• [Work request] Every entry below should come back unchanged, except that the pictures are dropped.

-- Opening Marker --

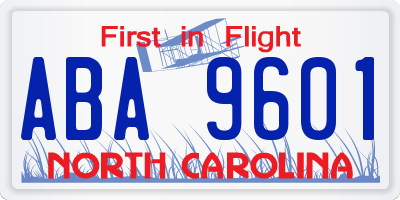 NC license plate ABA9601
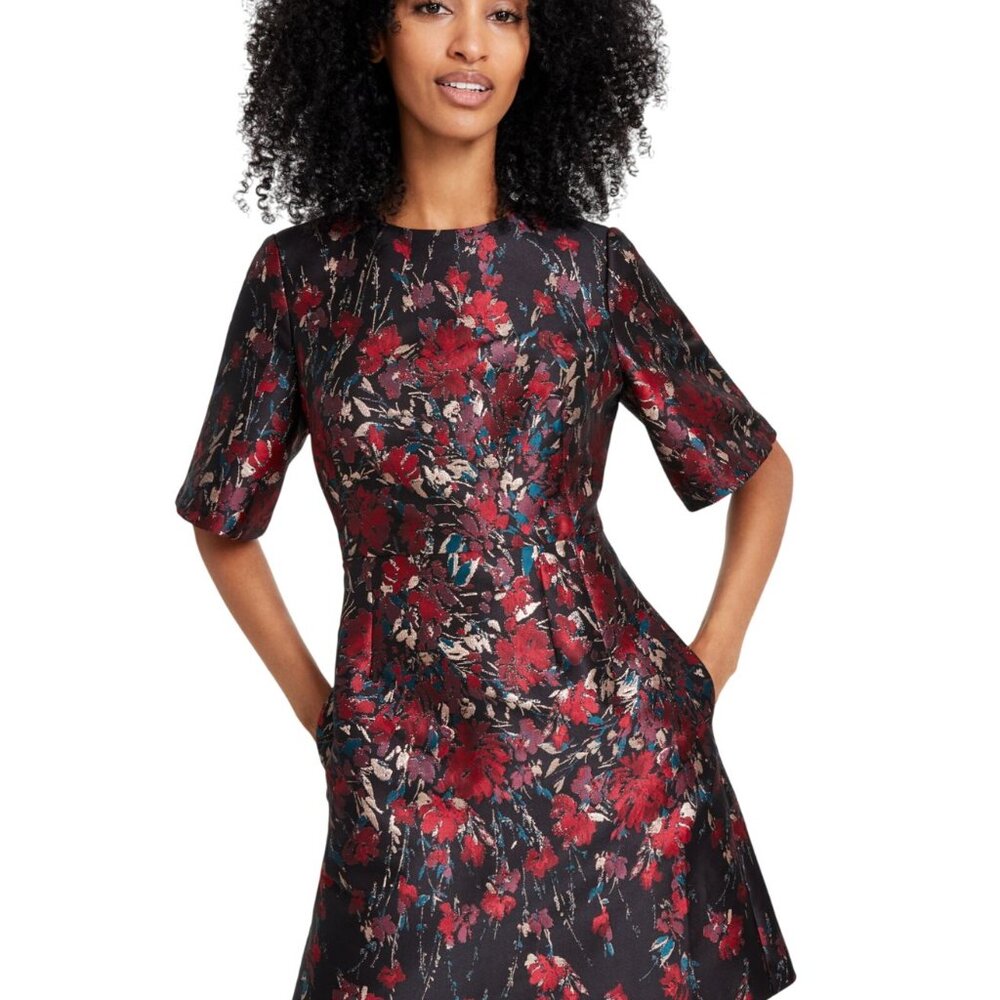 Vince Camuto Womens Floral Jacquard Short-Sleeve Dress VC4M5797 Red Multi 12 NWT - Picture 4 of 11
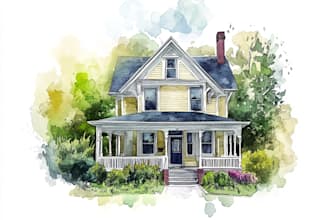 create house and building photo into watercolor art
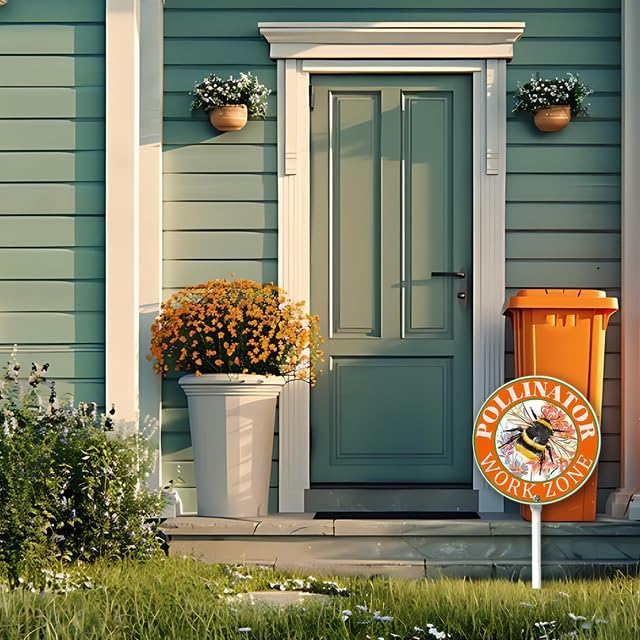Kurmntregon Pollinator Work Zone Garden Sign Pollinators Friendly Yard Sign Bees Butterflies Round 9.2inch Rustproof Aluminium Home Farm Garden Porch Decor Outside Outdoor Lawn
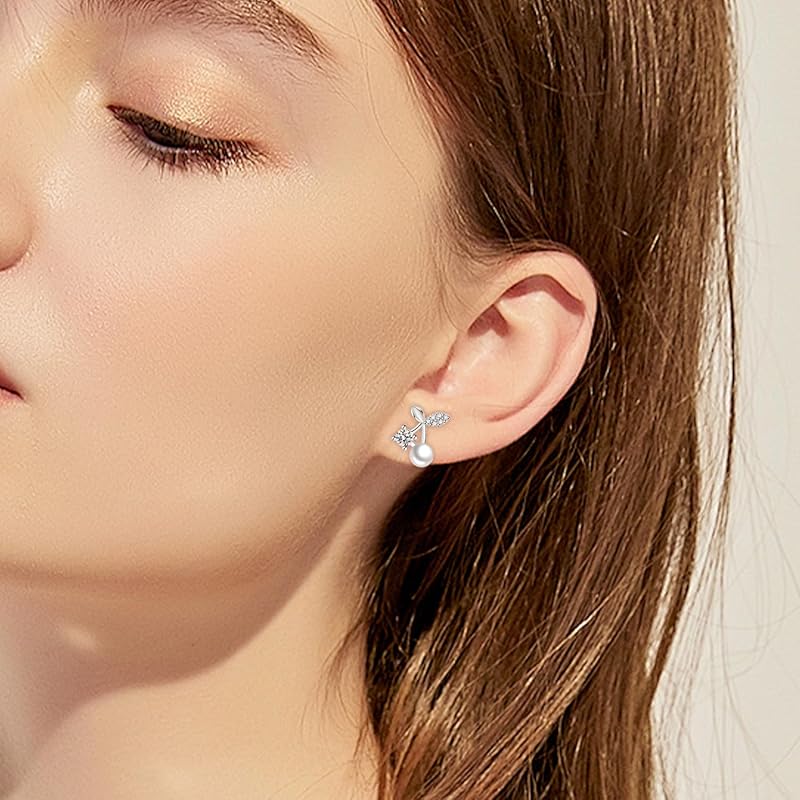 Zoomers Earrings Cherry Cherry Silver Zirconia Plating Cute Popularity South Korea Fashion Accessories Jewelry Fashionable Gift Present Gift Beautiful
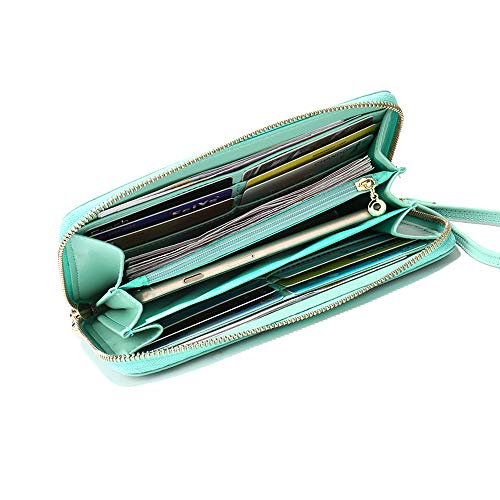 Lanyani Women Soft Vegan leather Wallet RFID Blocking Phone Wristlet Clutch With Strap2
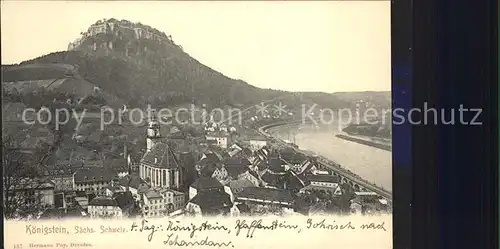 Koenigstein Saechsische Schweiz Stadtbild mit Festung Elbtal Kat. Koenigstein Saechsische Schweiz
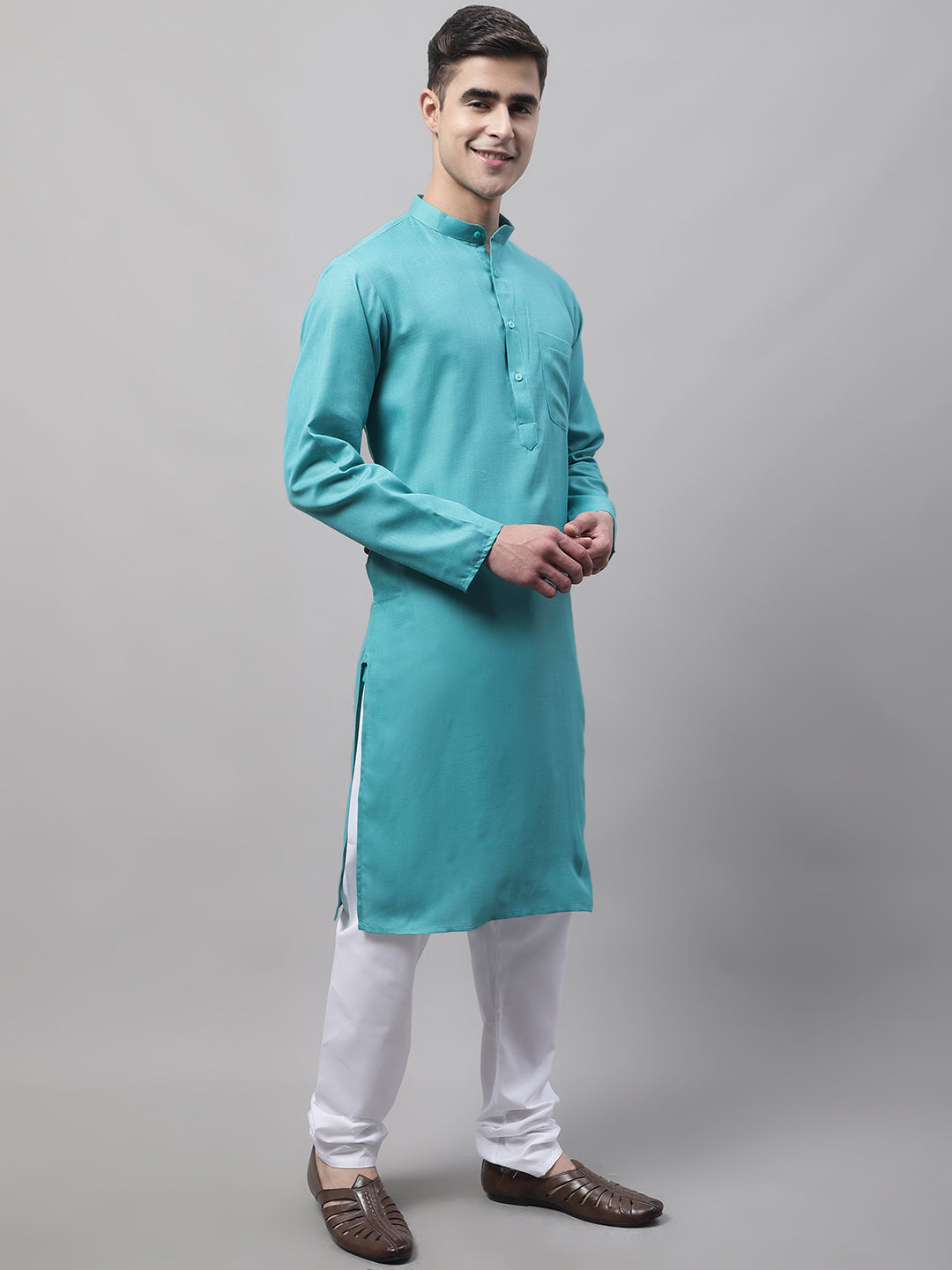 Jompers Men's Cotton Solid Kurta Payjama Sets - Rama - Distacart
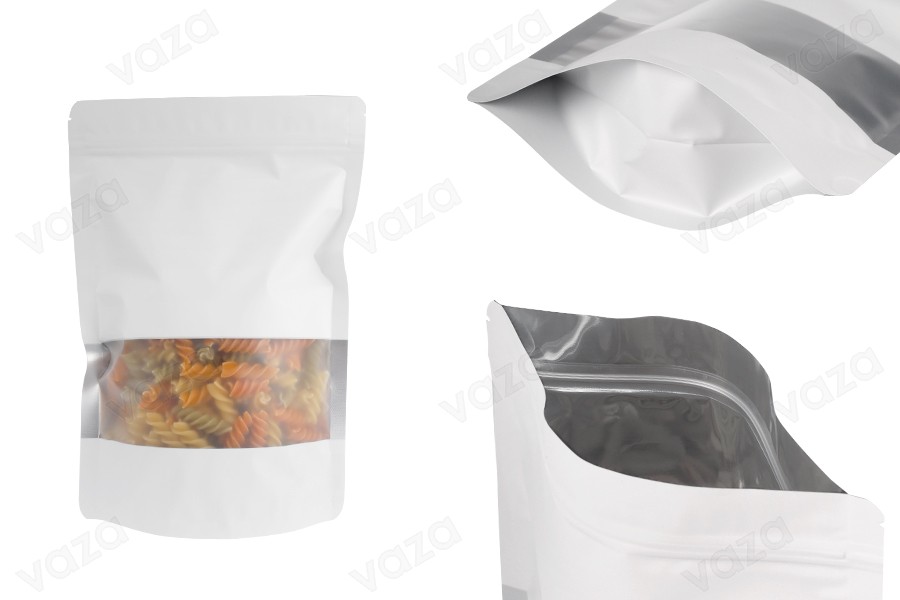 Doy Pack aluminum bags 178x40x256 mm with "zip" closure, window and heat sealable - 100 pcs-image_product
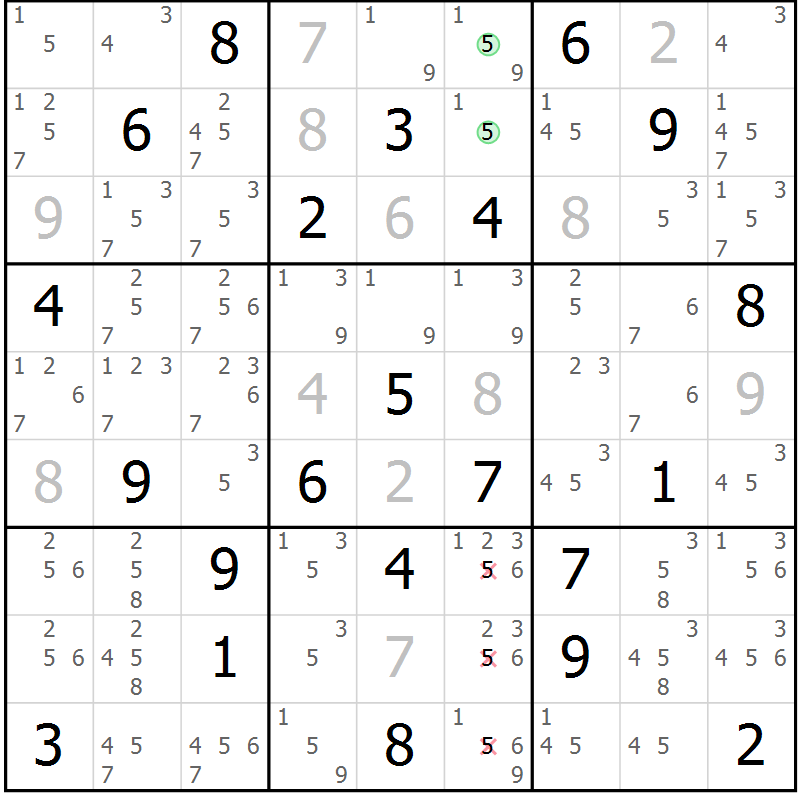 Position des candidats pour la solution de la Gr 2 page 5 du magazine de sudoku Maestro n° 104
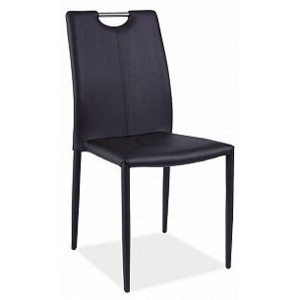 Moderní čalouněná židle černá ekokůže OF058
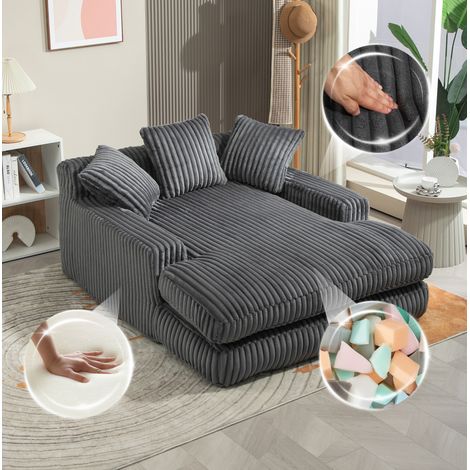 Chaise longue da pavimento 125x155x63 cm grigio scuro, 3 cuscini, velluto a coste, MEUBLIV (1/5)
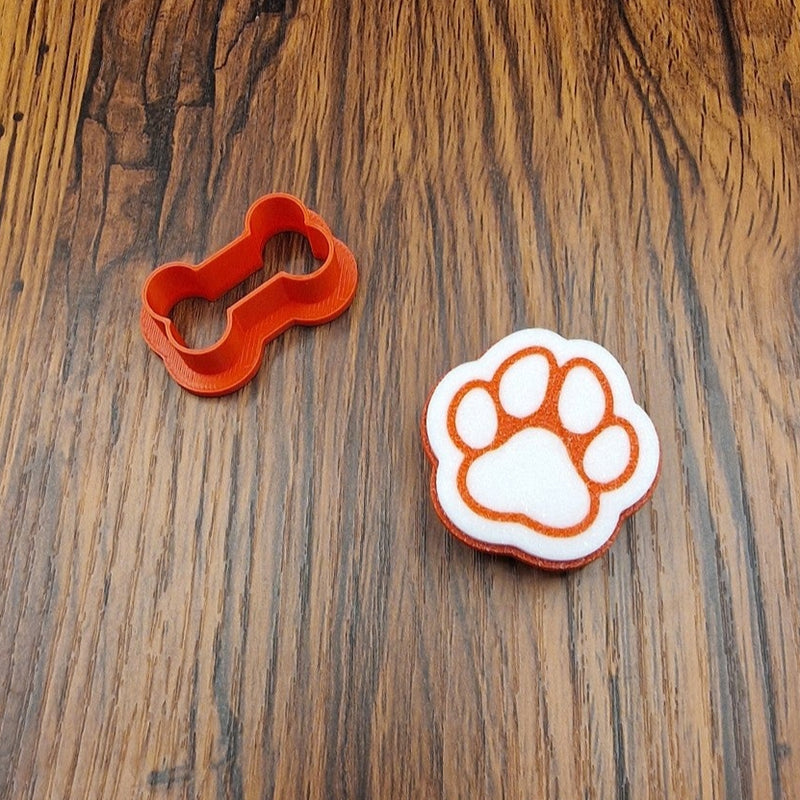 Cutter with imprint - Dog paw and bone 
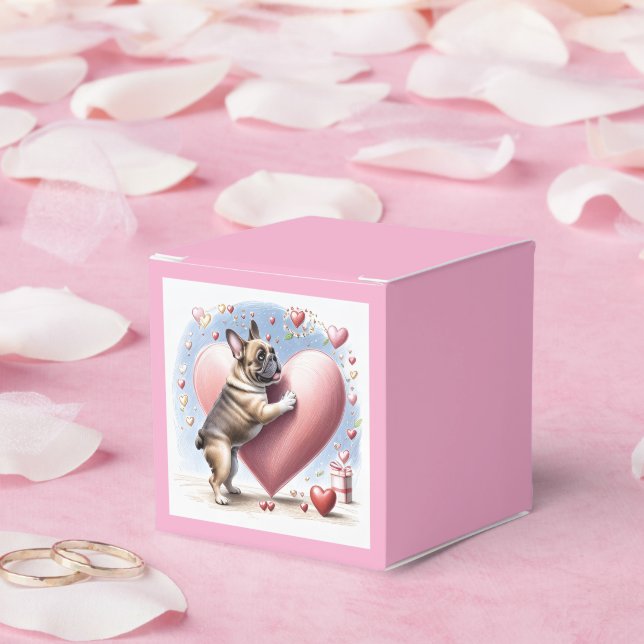 French Bulldog Heart Skip French Bulldog Favour Box (Wedding)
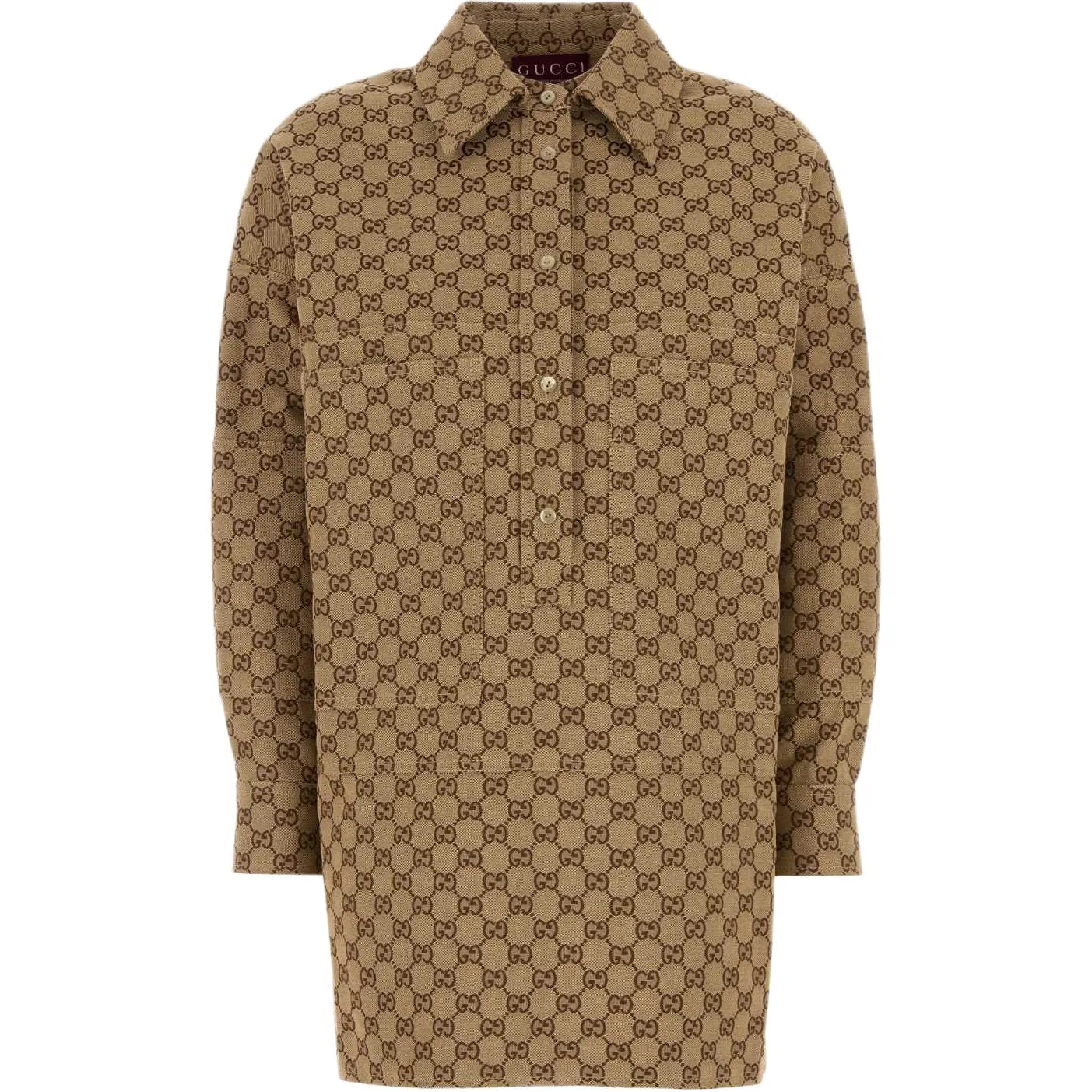 Рубашка GUCCI Gg Canvas, премиальный дизайн, верблюжий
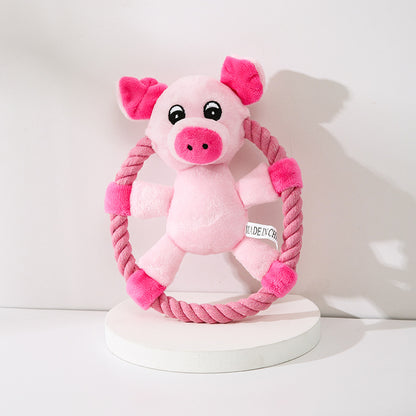 Cotton Rope Frisbee Dog Toy with Squeaker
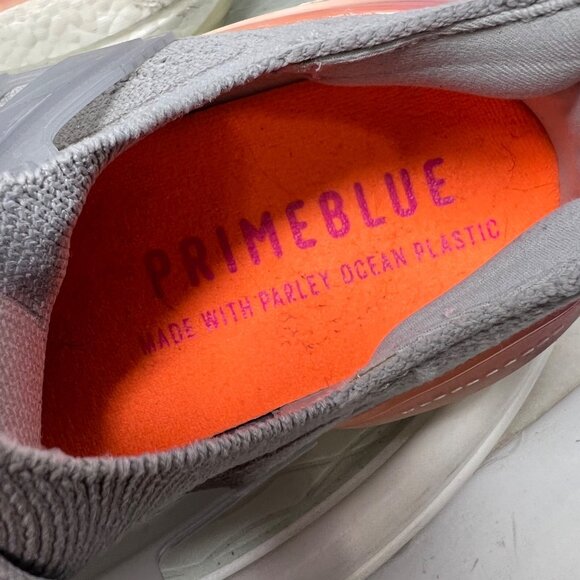 Adidas Ultraboost 21 Running Shoes Women Size 8 Gray Screaming Orange Athleisure - Picture 8 of 10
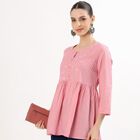 Women's Soft Dusty Pink Round Neck Embroidered Kurti, Pink, small image number null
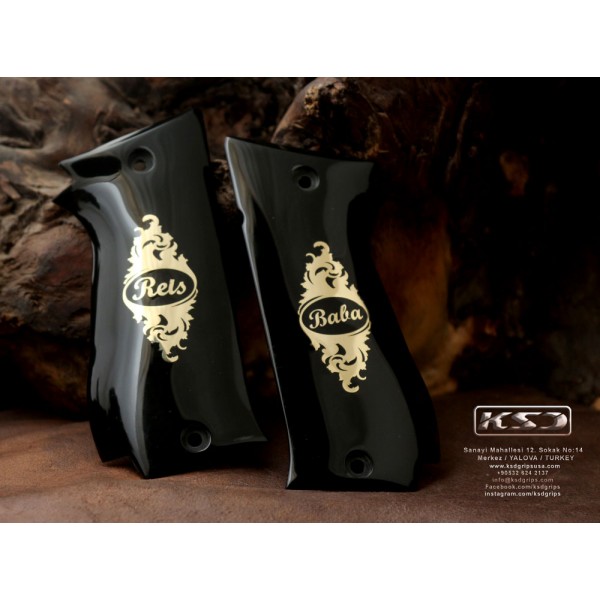 KSD Brand Sarsılmaz K 2 45 Compatible Black Acrylic Customizable Grips	KSD-00788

-- Closing Marker --

• [Answer section]
 NC license plate ABA9601
 Vince Camuto Womens Floral Jacquard Short-Sleeve Dress VC4M5797 Red Multi 12 NWT - Picture 4 of 11
 create house and building photo into watercolor art
Kurmntregon Pollinator Work Zone Garden Sign Pollinators Friendly Yard Sign Bees Butterflies Round 9.2inch Rustproof Aluminium Home Farm Garden Porch Decor Outside Outdoor Lawn
 Zoomers Earrings Cherry Cherry Silver Zirconia Plating Cute Popularity South Korea Fashion Accessories Jewelry Fashionable Gift Present Gift Beautiful
 Lanyani Women Soft Vegan leather Wallet RFID Blocking Phone Wristlet Clutch With Strap2
 Koenigstein Saechsische Schweiz Stadtbild mit Festung Elbtal Kat. Koenigstein Saechsische Schweiz
 Jompers Men's Cotton Solid Kurta Payjama Sets - Rama - Distacart
 Doy Pack aluminum bags 178x40x256 mm with "zip" closure, window and heat sealable - 100 pcs-image_product
 Position des candidats pour la solution de la Gr 2 page 5 du magazine de sudoku Maestro n° 104
 Moderní čalouněná židle černá ekokůže OF058
 Chaise longue da pavimento 125x155x63 cm grigio scuro, 3 cuscini, velluto a coste, MEUBLIV (1/5)
 Cutter with imprint - Dog paw and bone 
 French Bulldog Heart Skip French Bulldog Favour Box (Wedding)
 Рубашка GUCCI Gg Canvas, премиальный дизайн, верблюжий
 Cotton Rope Frisbee Dog Toy with Squeaker
 Adidas Ultraboost 21 Running Shoes Women Size 8 Gray Screaming Orange Athleisure - Picture 8 of 10
 Women's Soft Dusty Pink Round Neck Embroidered Kurti, Pink, small image number null
 KSD Brand Sarsılmaz K 2 45 Compatible Black Acrylic Customizable Grips	KSD-00788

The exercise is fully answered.